Die jüngste Eskalation ist in dieser Hinsicht Teil von Russlands Großmachtdenken, das auf der Vorstellung beruht, dass die großen Mächte zusammenkommen, um über das Schicksal der kleineren Nationen in Europa und anderswo zu bestimmen. Diese Großmachtagenda Russlands ist aber nicht mit seiner regionalen Agenda in Einklang zu bringen, nämlich mit dem Ziel, die Rolle einer regionalen Führungsmacht für seine postsowjetischen Nachbarn zu spielen. Versuche, ein Bild von Russland als "Großmacht" aufzubauen, führen unweigerlich zu einer Reduzierung seines tatsächlichen Einflusses im postsowjetischen Raum. Je stärker Russland als "Großmacht" agiert, umso weniger glaubwürdig sind Putins Versprechen, die nationale Souveränität der ehemaligen Sowjetrepubliken zu respektieren. Mit anderen Worten: Putins globale Ambitionen stehen einer Integration des postsowjetischen Raumes prinzipiell entgegen und schränken deren Reichweite beträchtlich ein. Einfach gesagt: Wenn Russland seine Großmachtagenda bewusst vorantreibt, gibt es seine Ansprüche auf, den postsowjetischen Raum zu dominieren und zu kontrollieren, da sich diese zwei Agenden unmöglich auf eine stimmige Weise miteinander vereinbaren lassen.

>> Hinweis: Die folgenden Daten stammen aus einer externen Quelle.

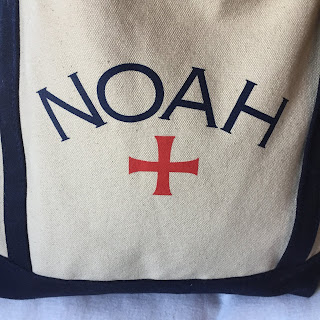 Noah Clothing Tote bag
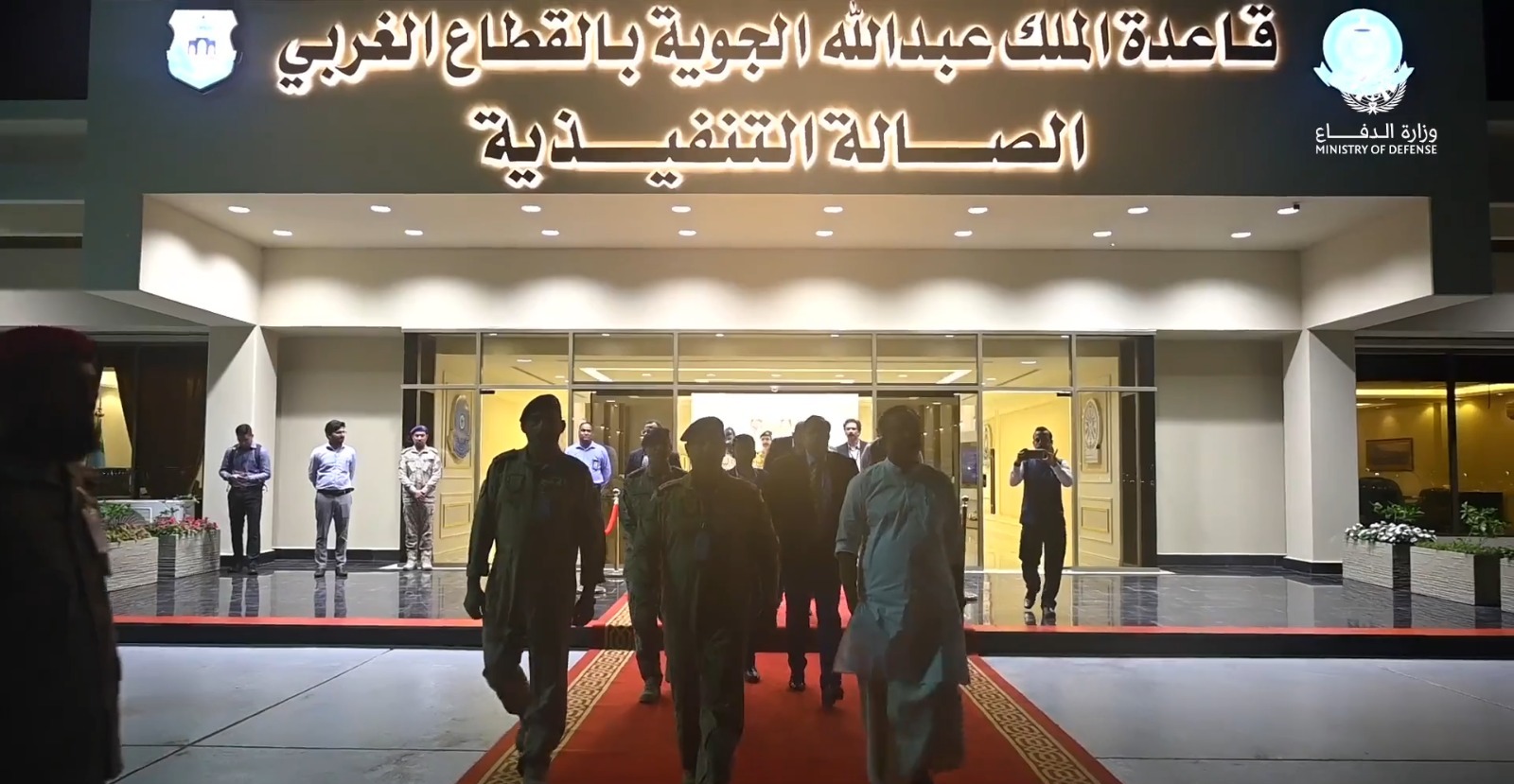 بالفيديو.. طائرة عسكرية هندية تصل إلى المملكة لإجلاء رعايا نيودلهي القادمين من السودان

Die russische Außenpolitik ist in ihrem Innern inkonsistent, sei es in ihrer innenpolitischen Stoßrichtung, sei es in Bezug auf die Nachbarstaaten oder das Verhältnis zum Westen. Die offene Frage ist hier: Wird sich eine solche Außenpolitik für Russland auszahlen? Angesichts der Beobachtungen, die wir in den letzten Monaten haben machen können, erscheint Russlands Außenpolitik kaum zielführend, weder für seine angestrebte Rolle als Großmacht, noch dafür, als Führungsmacht im postsowjetischen Raum zu agieren.